Who is at home? That’s my nightmare every weekend since I live here, I love New York and I really enjoy living in the middle of Manhattan, be by midtown I can move everywhere I want. The problem is that I’m living with a American family who, I guess they don’t believe in me, may them think I don’t have projects, I do, I have education and life, I keep me busy daily, I write everyday, read day by day, and the new… be comic.
Every morning around 5:45/6:00am Mateo wakes up, they are days that I’m already awake, but of course I pretend that I’m sleeping. Outside, I can hear the daily sounds, argue, playing, tv, screaming. I’m not part of that, as I keep myself in bed for the next 3 hours trapped in my own mind, trying to enjoy be here, almost impossible I'll be at work or a party and get that same feeling. I'm not like these people. I don't know what I'm doing here, why am I here? I got a panicky feeling in my chest, one that made it harder to breathe. Around 8/8:30 I made myself off my room, fixing a big morning smile and a loud enthusiastic “good morning” for everyone (I do it also for myself, give me hope to start the day, I will be closer to my dream today).

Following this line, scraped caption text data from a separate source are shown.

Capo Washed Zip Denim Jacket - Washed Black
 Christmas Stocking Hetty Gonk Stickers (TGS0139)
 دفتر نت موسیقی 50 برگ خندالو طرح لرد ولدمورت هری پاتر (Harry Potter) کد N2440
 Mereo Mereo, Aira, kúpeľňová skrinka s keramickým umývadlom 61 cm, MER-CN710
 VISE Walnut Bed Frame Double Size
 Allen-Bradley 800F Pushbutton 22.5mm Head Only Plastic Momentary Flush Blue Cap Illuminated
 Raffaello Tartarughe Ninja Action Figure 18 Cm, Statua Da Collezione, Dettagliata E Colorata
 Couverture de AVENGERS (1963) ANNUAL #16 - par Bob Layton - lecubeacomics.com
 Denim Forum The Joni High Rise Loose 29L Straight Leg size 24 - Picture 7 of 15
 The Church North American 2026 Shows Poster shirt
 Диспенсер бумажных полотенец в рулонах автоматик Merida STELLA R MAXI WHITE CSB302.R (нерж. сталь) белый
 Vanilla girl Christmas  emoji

I have no I idea why I haven't been able to sleep... but it is killing me, it’s not just the weekend, it is every single day. Between the weekdays comfort me that I should be up at 6:20 to get ready to work (there some days that I fall sleep went I should be up). I'd been lying awake for the last few hours, because having no social life meant that you went to bed early, event on nights where there is more excitement, but I have no friends or boyfriend in the city right now (sadly I know), I’m working on that. Yes I’m trying to make new friends, the reason the weekends are a nightmare, like I told you I live with an American family, so “Mi casa es su casa”, I’m grateful for what I have, for where I live, I just want to be alone at home without feel guilty of don’t help around (the weekends) or because I want to sleep all day long, or watch a movie, the problem is that if I do that I’ll be a lazy nobody plus selfish. If I go out night’s weekend my sleep consists on 3 to 4 hours per day. But wherever I lay down, I would find myself tossing and turning for hours, my thoughts keeping me awake. I just asking to have my weekends for sleep. Good Luck to me!